Conrail: Which track? How much steam?
Norfolk, Va. — Uncle Sam wants out of the railroad business. Transportation Secretary Elizabeth H. Dole wants to get him out by selling the Consolidated Rail Corporation (Conrail), 85 percent government-owned, to the Norfolk Southern Corporation.
Norfolk Southern, headquartered here, is eager to buy. The Reagan administration picked this railroad holding company last February as the Conrail awardee, citing its tradition of sound management and profitability and its ``deep pockets.''
After spending billions putting Conrail on the right track, the government does not want to have to stage another bailout.
``We can bring strength, which is needed, into the Northeast, and assure that the Northeast, hopefully, will never again have to go through the trauma of a Penn Central bankruptcy,'' says Norfolk Southern chairman Robert B. Claytor.
``The basis for our being chosen, I think, was that we offered long-term prospects for stable transportation in the Northeast.''
But last week, the Reagan administration's plan to sell Conrail struck an apparent setback.

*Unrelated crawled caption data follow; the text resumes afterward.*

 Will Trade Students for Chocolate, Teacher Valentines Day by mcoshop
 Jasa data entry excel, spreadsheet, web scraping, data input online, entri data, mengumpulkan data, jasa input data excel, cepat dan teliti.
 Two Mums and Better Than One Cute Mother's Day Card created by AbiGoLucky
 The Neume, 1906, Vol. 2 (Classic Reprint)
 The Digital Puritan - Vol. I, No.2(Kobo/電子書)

The Interstate Commerce Commission said two regional railroads -- the Guilford Transportation Company and the Pittsburgh & Lake Erie -- could be driven out of business by the proposed Conrail-Norfolk Southern deal.
In Richmond, Hays T. Watkins, chairman of CSX Corporation, Norfolk Southern's archrival rail company, is at the head of a long line of protesters opposed to the sale.

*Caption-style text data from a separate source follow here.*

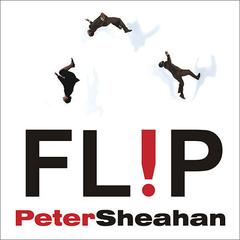 Flip by Peter Sheahan audiobook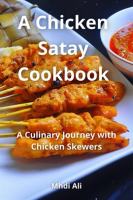 A_Chicken_Satay_Cookbook
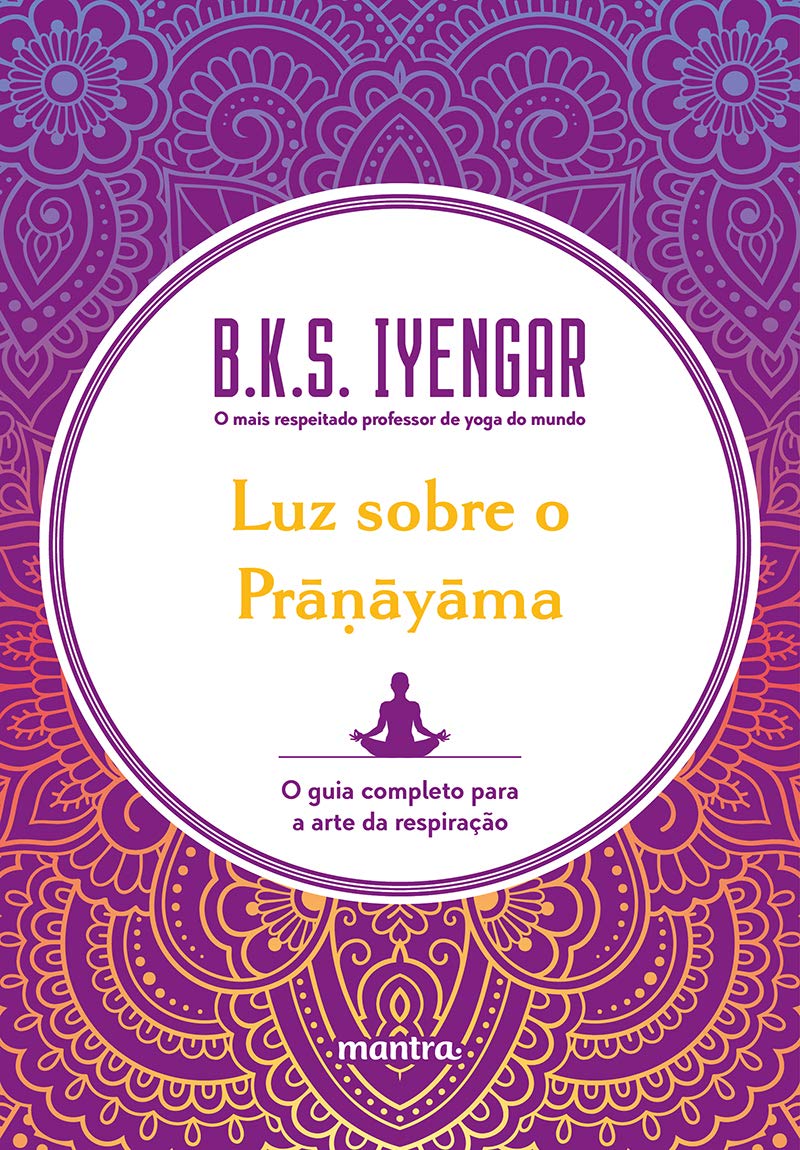 Luz sobre o Prāṇāyāma: O guia completo para a arte da respiração baixar o livro de graça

Critics of the Conrail-Norfolk Southern union favor a proposal developed (after the Department of Transportation's selection of Norfolk Southern) by Morgan Stanley, the investment banking concern.
Morgan Stanley has put together a group of 32 private investors (including CSX, whose shares would be held in trust), who would buy the system and then take it public, as an independent company, through an offering of stock within five years.
``The feeling is that the Morgan Stanley proposal, which preserves competition, seems to be far more attractive to the shippers, and to the states and governments involved, than having in effect a monolith of this gigantic combined company,'' Mr. Watkins says. ``It's a question of competition -- shippers thrive on it. As long as there are three systems in the East, there's some competition.''
Mr. Claytor counters that 80 percent of the freight business in the Northeast travels by truck. ``Anyplace where a railroad is competing with trucks, especially in the Northeast, it does not have a monopoly.''
Be that as it may, CSX's Watkins says that if Conrail is taken over by Norfolk Southern, ``Our position is that we would withdraw from the Northeast.''
Conrail now carries as much freight as the two rivals combined; a Norfolk Southern-Conrail combination would have 3-to-1 dominance over CSX, Watkins maintains. ``People say we're going to pick up our marbles and leave. Well, what we're going to do is protect our shareholders' money.''
E. Morgan Massey, chairman of A. T. Massey Coal Company, a major coal shipper from the Appalachian mines through the ports of Virginia, is one of a number of shippers opposing the sale.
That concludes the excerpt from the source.